Recently, CMS sent out press releases touting over $1 billion in savings from Accountable Care Organizations. Here’s the tweet from Andy Slavitt, the acting Administrator of CMS:
NEW ACO RESULTS: physicians are changing care, w better results for patients & are saving money. Over $1B. https://t.co/FEfe3QErb5
— Andy Slavitt ???????????? (@ASlavitt) August 25, 2016
The link in the tweet is to a press release. The link in the press release citing more details is to another press release. There’s little in the way of analysis or data about how ACOs did in 2015. So I decided to do a quick examination of how ACOs are doing and share the results below.
Basic background on ACOs
Simply put, an ACO is a group of providers that is responsible for the costs of caring for a population while hitting some basic quality metrics. This model is meant to save money by better coordinating care. As I’ve written before, I’m a pretty big fan of the idea — I think it sets up the right incentives, and if an organization does a good job, they should be able to save money for Medicare and get some of those savings back themselves.
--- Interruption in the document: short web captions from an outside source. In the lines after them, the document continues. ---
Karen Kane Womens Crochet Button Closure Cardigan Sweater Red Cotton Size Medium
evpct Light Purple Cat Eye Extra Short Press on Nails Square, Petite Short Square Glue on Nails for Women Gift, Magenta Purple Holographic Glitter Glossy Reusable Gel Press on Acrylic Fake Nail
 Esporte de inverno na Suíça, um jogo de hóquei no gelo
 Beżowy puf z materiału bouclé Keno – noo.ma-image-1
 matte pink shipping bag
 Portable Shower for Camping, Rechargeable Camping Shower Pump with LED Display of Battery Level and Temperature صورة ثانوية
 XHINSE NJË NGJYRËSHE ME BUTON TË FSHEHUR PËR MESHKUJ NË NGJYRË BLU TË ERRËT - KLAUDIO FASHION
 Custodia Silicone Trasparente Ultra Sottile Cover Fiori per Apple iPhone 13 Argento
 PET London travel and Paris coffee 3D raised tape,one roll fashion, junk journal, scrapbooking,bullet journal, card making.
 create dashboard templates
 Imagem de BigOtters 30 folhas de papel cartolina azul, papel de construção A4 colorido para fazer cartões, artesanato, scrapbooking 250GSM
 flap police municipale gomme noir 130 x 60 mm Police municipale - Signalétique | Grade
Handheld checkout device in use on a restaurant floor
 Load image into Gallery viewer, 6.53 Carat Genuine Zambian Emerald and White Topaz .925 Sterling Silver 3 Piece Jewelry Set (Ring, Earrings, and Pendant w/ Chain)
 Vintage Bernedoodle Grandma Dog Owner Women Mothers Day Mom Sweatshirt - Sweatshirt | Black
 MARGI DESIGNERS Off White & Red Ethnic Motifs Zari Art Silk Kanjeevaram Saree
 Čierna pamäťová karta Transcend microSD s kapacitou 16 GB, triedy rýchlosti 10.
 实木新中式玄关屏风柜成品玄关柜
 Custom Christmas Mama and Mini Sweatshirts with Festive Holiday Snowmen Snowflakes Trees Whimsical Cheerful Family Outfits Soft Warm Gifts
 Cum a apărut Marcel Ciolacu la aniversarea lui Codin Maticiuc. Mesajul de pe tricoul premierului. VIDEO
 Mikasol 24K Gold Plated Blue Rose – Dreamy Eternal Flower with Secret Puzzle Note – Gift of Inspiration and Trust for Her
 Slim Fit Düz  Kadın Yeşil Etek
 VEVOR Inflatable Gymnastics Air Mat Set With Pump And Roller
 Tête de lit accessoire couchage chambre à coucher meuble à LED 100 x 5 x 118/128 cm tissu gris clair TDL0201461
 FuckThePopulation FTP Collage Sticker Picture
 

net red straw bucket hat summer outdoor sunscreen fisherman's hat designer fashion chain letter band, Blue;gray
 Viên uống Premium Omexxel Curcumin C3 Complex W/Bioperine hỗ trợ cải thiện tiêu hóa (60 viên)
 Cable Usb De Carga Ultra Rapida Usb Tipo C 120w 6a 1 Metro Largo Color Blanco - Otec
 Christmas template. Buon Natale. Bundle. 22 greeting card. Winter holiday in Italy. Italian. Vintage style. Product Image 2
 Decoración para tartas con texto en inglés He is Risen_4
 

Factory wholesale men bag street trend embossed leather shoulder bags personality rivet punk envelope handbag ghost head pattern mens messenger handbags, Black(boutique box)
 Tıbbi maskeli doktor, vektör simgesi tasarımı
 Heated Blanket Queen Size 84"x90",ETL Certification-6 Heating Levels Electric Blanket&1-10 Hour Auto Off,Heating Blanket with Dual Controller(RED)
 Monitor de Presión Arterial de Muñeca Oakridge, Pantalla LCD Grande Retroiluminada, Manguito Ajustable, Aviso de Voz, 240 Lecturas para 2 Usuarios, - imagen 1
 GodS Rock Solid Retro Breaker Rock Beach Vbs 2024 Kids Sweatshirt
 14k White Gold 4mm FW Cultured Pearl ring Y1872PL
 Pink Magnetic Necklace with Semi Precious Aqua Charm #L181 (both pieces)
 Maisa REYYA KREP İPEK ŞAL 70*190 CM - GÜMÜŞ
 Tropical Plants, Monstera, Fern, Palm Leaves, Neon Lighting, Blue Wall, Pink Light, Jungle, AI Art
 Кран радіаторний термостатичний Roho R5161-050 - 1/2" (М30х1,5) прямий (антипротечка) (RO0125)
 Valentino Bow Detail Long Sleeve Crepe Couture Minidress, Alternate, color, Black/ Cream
ACOs come in two main flavors: Pioneers and Medicare Shared Savings Program (MSSP). Pioneers were a small group of relatively large organizations that embarked on the ACO pathway early (as the name implies). The Pioneer program started with 32 organizations, and only 12 remained in 2015. It remains a relatively small part of the ACO effort and for the purposes of this discussion, I won’t focus on it further. The other flavor is MSSP. As of 2016, the program has more than 400 organizations participating and as opposed to Pioneers, has been growing by leaps and bounds. It’s the dominant ACO program – and it too comes in many sub-flavors, some of which I will touch on briefly below.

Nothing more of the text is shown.